Every line from the one with "Подвесная люстра Bohemia" through the end of the entries below should be written out exactly; the pictures should not.

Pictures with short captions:
============
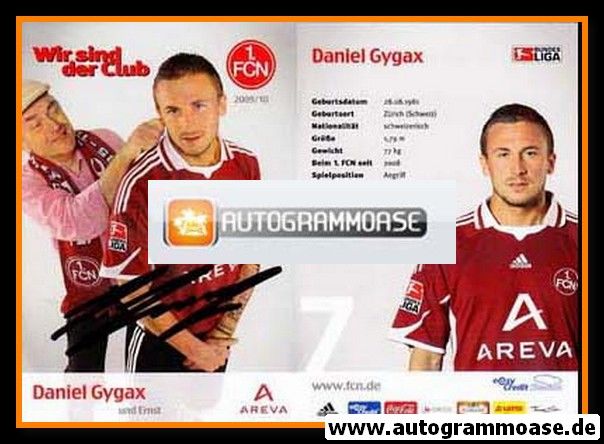 Autogramm Fussball | 1. FC Nürnberg | 2009 | Daniel GYGAX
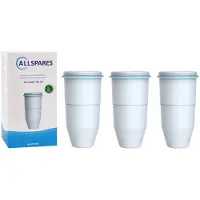 Allspares Waterfilter (3x) geschikt voor alle Zerowater Waterkannen Vervangingsfilter voor o.a. ZW-5317, ZR-017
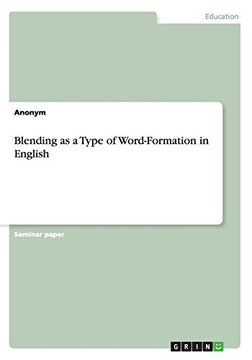 portada Blending as a Type of Word-Formation in English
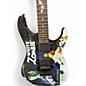 Used ESP LTD Kirk Hammett Signature White Zombie White Zombie Pattern Solid Body Electric Guitar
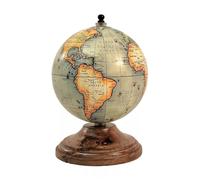 Desk World Globe Rustic Mango Wood Stand Rotating Vintage Retro Tabletop Home Office Desktop Ornament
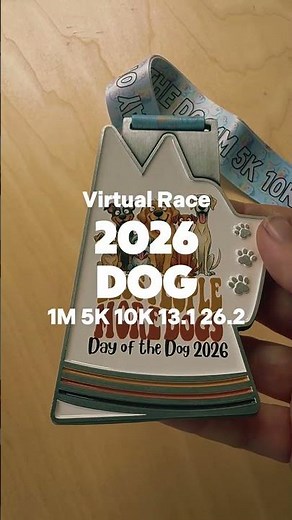 International Dog Day Virtual Race 2026 | Run, Walk & Earn Your Medal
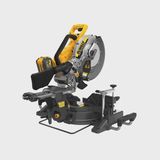 Dewalt DCS781X2 54V XR FlexVolt 305mm Crosscut Sliding Mitre Saw With 2 x 9.0Ah Batteries Charger
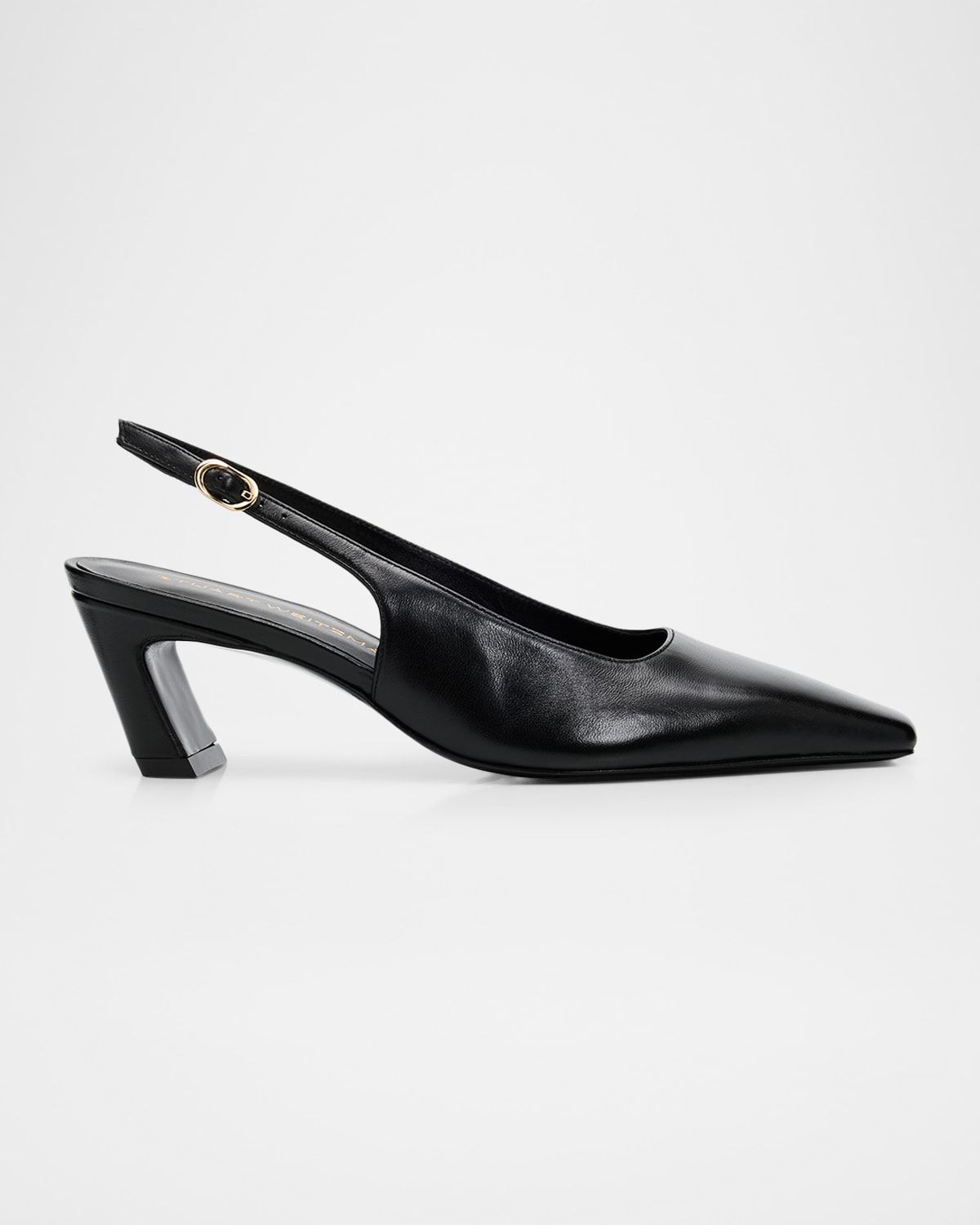 50mm Stassi Leather Slingback Pumps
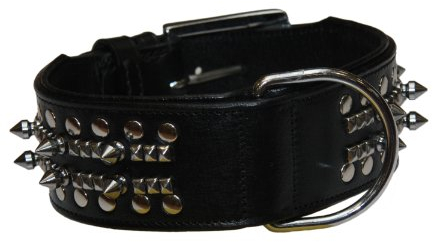 Nobby Leder Halsband Delgado, schwarz 50 cm (44-49 cm), 50 mm, 1 Stück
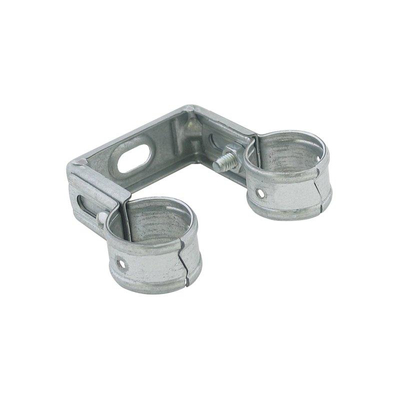 Walraven Duplo collier galvanisé 15 mm entraxe 60 mm galvanisé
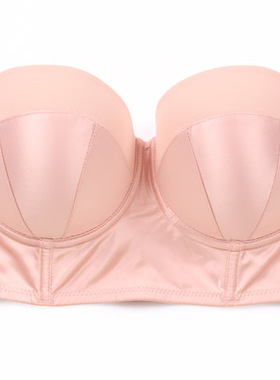 亏清任2件包邮26欧美可拆无肩带文胸薄款防滑抹胸婚纱隐形内衣70B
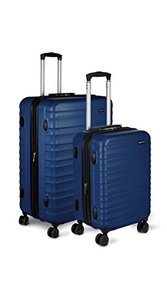 lot 5666 image: Amazon Basics 2-Piece Set Hardside Spinner, Navy Blue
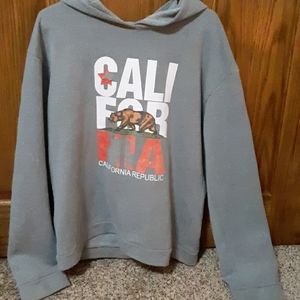 Gray California Republic Mens Hoodie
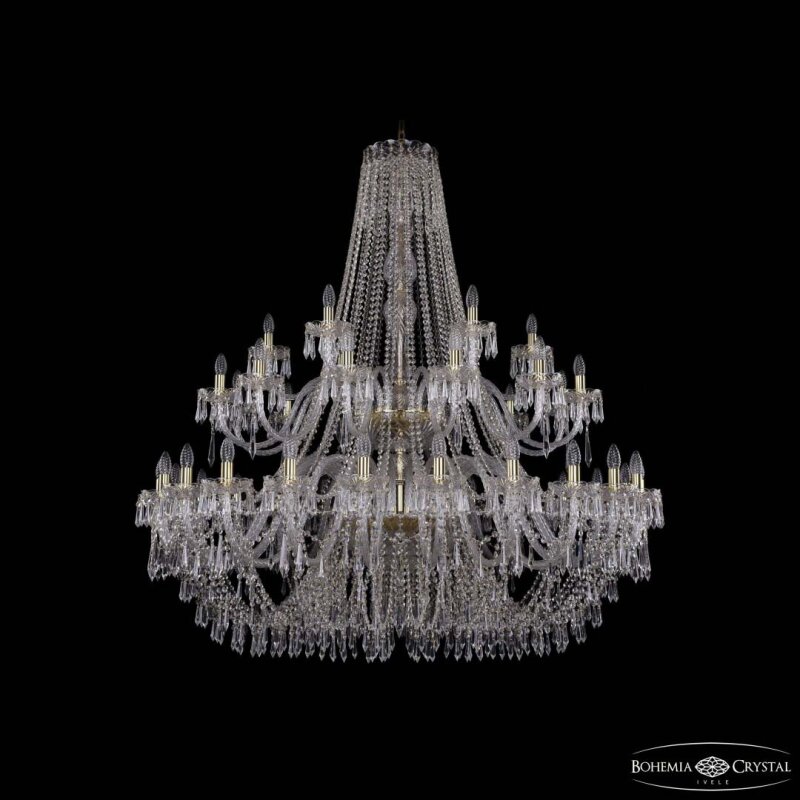 Подвесная люстра Bohemia Ivele Crystal 1403 1403/24+12+6/530/2d G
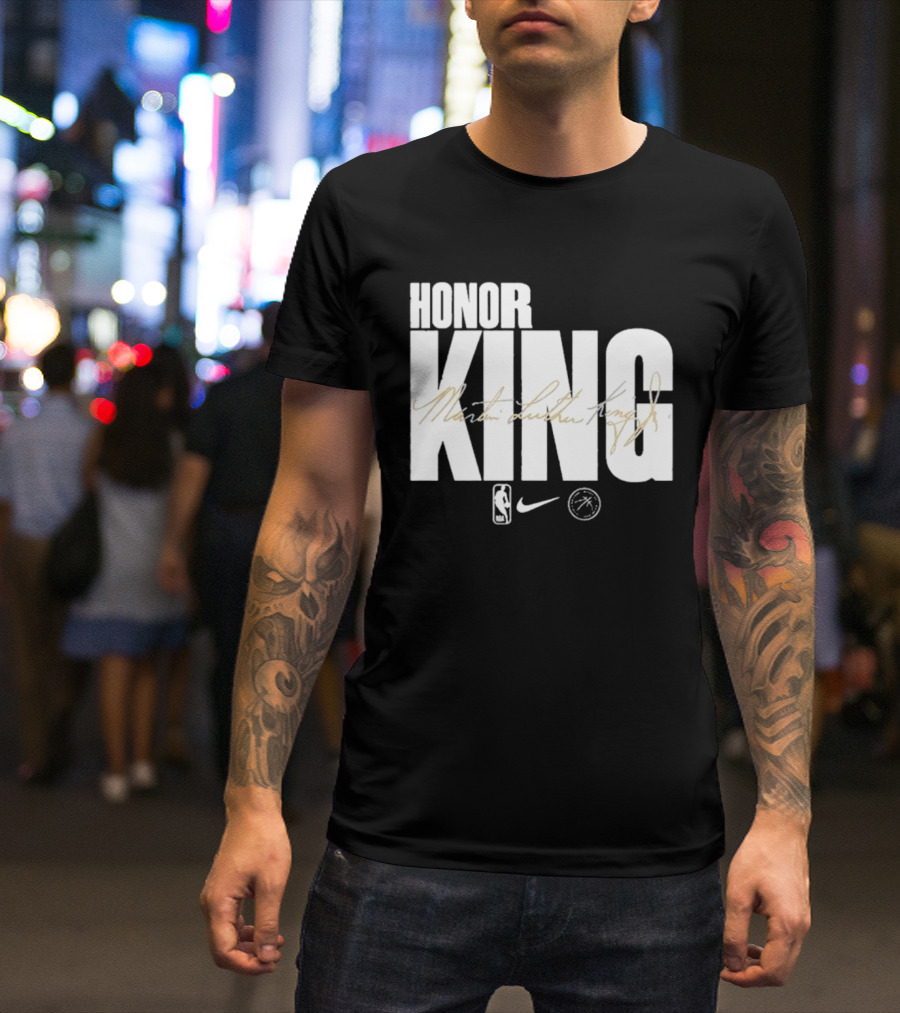 Honor King Martin Luther King Jr NBA Nike Los Angeles Lakers T-Shirt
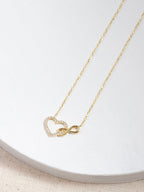 Gold-Plated Stainless Steel Stones Studded Minimal Necklace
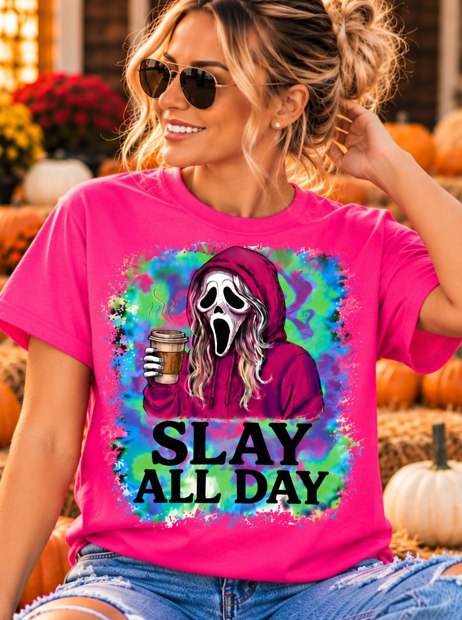 Slay All Day Ghost Graphic Tee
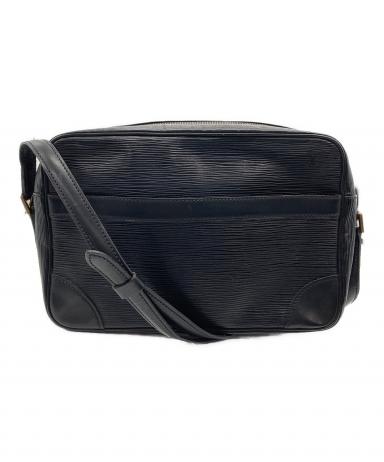 Louis Vuitton ブラック ショルダーバッグ 中古・古着通販】LOUIS VUITTON (ルイ ヴィトン) ショルダーバッグ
============
Reply:
 Подвесная люстра Bohemia Ivele Crystal 1403 1403/24+12+6/530/2d G
 Honor King Martin Luther King Jr NBA Nike Los Angeles Lakers T-Shirt
 Gold-Plated Stainless Steel Stones Studded Minimal Necklace
 Slay All Day Ghost Graphic Tee
 Louis Vuitton ブラック ショルダーバッグ 中古・古着通販】LOUIS VUITTON (ルイ ヴィトン) ショルダーバッグ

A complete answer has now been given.